Opinion
No. 2010-00181.
December 17, 2010.
Appeal by the defendant from an order of the Supreme Court, Richmond County (Rienzi, J.), dated November 20, 2009, which, after a hearing, designated him a level two sex offender pursuant to Correction Law article 6-C.
Lynn W.L. Fahey, New York, N.Y. (Warren S. Landau of counsel), for appellant.
Daniel M. Donovan, Jr., District Attorney, Staten Island, N.Y. (Morrie I. Kleinbart of counsel), for respondent.
Before: Fisher, J.P., Angiolillo, Belen and Austin, JJ.
Ordered that the order is affirmed, without costs or disbursements.
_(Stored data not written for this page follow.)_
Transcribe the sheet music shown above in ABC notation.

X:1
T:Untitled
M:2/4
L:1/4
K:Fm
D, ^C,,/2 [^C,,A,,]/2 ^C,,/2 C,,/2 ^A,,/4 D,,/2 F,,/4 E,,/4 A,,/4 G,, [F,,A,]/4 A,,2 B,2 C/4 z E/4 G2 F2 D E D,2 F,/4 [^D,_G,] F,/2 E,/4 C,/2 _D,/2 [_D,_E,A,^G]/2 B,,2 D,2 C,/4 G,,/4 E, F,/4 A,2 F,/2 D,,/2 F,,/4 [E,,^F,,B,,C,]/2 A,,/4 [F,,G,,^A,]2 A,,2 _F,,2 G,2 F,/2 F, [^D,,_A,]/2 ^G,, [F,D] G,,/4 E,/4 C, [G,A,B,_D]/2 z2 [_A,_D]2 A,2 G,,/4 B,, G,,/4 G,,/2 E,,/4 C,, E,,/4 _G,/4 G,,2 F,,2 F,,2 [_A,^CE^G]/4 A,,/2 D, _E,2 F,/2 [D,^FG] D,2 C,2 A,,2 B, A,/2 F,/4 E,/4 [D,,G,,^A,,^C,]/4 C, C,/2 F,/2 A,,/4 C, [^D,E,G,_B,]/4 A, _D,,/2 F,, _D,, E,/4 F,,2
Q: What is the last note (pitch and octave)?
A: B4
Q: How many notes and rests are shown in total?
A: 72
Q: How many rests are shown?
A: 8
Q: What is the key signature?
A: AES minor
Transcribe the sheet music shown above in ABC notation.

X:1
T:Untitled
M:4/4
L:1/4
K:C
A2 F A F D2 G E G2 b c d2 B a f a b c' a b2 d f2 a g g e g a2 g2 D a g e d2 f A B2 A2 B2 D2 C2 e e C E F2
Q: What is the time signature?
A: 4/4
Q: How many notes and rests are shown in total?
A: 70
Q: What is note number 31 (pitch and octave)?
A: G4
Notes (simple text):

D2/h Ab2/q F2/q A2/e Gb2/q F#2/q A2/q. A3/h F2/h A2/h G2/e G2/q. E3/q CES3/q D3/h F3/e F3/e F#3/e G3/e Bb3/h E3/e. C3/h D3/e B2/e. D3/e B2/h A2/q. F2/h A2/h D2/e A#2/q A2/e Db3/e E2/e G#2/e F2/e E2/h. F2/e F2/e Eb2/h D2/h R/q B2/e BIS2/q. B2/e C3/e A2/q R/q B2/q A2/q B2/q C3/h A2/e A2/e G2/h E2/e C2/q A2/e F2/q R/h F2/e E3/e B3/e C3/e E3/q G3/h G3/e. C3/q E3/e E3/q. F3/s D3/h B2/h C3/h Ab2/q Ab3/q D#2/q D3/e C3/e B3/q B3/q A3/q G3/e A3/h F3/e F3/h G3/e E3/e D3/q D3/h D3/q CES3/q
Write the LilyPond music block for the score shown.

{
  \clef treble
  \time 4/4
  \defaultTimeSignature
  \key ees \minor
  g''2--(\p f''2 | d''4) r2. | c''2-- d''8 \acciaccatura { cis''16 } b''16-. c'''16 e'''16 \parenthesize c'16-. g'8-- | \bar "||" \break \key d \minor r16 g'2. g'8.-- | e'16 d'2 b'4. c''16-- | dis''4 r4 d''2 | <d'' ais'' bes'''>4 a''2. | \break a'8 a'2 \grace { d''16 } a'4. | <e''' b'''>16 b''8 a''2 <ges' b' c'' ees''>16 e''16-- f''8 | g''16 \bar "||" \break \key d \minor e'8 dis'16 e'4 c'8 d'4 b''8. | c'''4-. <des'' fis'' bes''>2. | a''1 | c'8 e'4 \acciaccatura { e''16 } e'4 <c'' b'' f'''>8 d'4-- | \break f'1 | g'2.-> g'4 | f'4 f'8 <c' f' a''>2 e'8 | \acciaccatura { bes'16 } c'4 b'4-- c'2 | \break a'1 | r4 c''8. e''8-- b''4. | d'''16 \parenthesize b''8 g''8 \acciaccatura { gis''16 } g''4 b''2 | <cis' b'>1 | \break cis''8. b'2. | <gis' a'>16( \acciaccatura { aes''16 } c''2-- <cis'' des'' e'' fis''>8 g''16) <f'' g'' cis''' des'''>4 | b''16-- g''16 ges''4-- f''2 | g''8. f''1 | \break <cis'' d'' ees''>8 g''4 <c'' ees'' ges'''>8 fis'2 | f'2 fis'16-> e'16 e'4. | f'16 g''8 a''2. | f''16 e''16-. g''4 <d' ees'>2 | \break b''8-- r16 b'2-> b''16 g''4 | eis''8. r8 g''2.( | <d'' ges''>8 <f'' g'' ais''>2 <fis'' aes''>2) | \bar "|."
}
The defendant failed to show by clear and convincing evidence that special circumstances existed warranting a downward departure from his presumptive designation as a risk level two sex offender ( see People v Bennis, 77 AD3d 896; People v Lynk, 74 AD3d 929; People v Colauito, 73 AD3d 1004, 1005; People v Guaman, 8 AD3d 545). Accordingly, the Supreme Court, after considering the mitigating factors advanced by the defendant, appropriately determined him to be a level two sex offender, and providently exercised its discretion in denying his request for a downward departure [ see People v Bennis, 11 AD3d 896; People v Foy, 49 AD3d 835; People v Walker, 47 AD3d 692, 694).